Import document data

How to import document data and sample import formats.

Specifications

Format: PDF
Recommended size: 100 pages or fewer
Import methods:

  • IAM Delegated Access
  • Signed URLs (https URLs only)

When importing document data to Labelbox, you are no longer required to provide an OCR extract in the form of a JSON file. Labelbox generates text layers automatically during PDF import using Google Document AI if the data row doesn't include a text layer. The JSON file generated will be your text layer, rendered on top of your PDF in the Document Editor.

Note: Previously generated PDF documents without text layers will not be retroactively filled with the text layer generated by Labelbox.

Google Document AI has the following limitations:

  • The document must have no more than 15 pages
  • The file size should not exceed 20 MB.

Additionally, Google Document AI optimizes documents before OCR processing. This optimization might include rotating images or pages to ensure text appears horizontally. Consequently, token coordinates are calculated based on the rotated/optimized images, resulting in potential discrepancies with the original PDF document.

For example, in a landscape-oriented PDF, the document is rotated 90 degrees before processing. As a result, all tokens in the text layer are also rotated by 90 degrees.

Uploading a text layer of your choice will continue to be supported.

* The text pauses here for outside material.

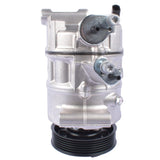 ZNTS Air Conditioning Compressor w/ Clutch For Audi A3 VW Golf Beetle Seat Skoda 2.0 1K0820803S 70715193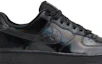 Order (W) Nike Air Force 1 Low Luxe All Star 2018 Zwart 898889-009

We currently support OCR generated from:

  • Adobe OCR
  • AWS Textract OCR
  • GCP OCR

Conversion Scripts for custom generated OCR

Once you have your PDF asset and the OCR text layer in a JSON, convert your assets to Labelbox ingestible format through our conversion format.

You can find our conversion scripts here.

Text Layer Validation Schema

Your textLayer JSON file must adhere to the following JSON schema.

{
  "type": "array",
  "items": {
    "$ref": "#/$defs/page"
  },
  "$defs": {
    "page": {
      "type": "object",
      "properties": {
        "width": {
          "type": "number"
        },
        "height": {
          "type": "number"
        },
        "number": {
          "type": "number"
        },
        "units": {
          "enum": ["POINTS", "PERCENT"]
        },
        "groups": {
          "type": "array",
          "items": {
            "$ref": "#/$defs/group"
          }
        }
      },
      "required": ["number", "units", "groups"]
    },
    "group": {
      "type": "object",
      "properties": {
        "id": {
          "type": "string"
        },
        "content": {
          "type": "string"
        },
        "geometry": {
          "$ref": "#/$defs/geometry"
        },
        "tokens": {
          "type": "array",
          "items": {
            "$ref": "#/$defs/token"
          }
        }
      },
      "required": ["id", "content", "geometry", "tokens"]
    },
    "geometry": {
      "type": "object",
      "properties": {
        "left": {
          "type": "number"
        },
        "top": {
          "type": "number"
        },
        "width": {
          "type": "number"
        },
        "height": {
          "type": "number"
        }
      },
      "required": ["left", "top", "width", "height"]
    },
    "token": {
      "type": "object",
      "properties": {
        "id": {
          "type": "string"
        },
        "content": {
          "type": "string"
        },
        "geometry": {
          "$ref": "#/$defs/geometry"
        }
      },
      "required": ["id", "geometry", "content"]
    }
  }
}

Parameters

ParameterRequiredDescription
row_dataYesA dictionary of
{ "pdf_url": str, "text_layer_url": str }

For IAM Delegated Access, this URL must be in virtual-hosted-style format.
row_data['pdf_url']Yeshttps path to a cloud-hosted PDF. It must be specified within row_data dictionary.
row_data['text_layer_url']Nohttps path to a cloud-hosted JSON extract of the PDF.
global_keyNoUnique user-generated file name or ID for the file. Global keys are enforced to be unique in your org. Data rows will not be imported if its global keys are duplicated to existing data rows.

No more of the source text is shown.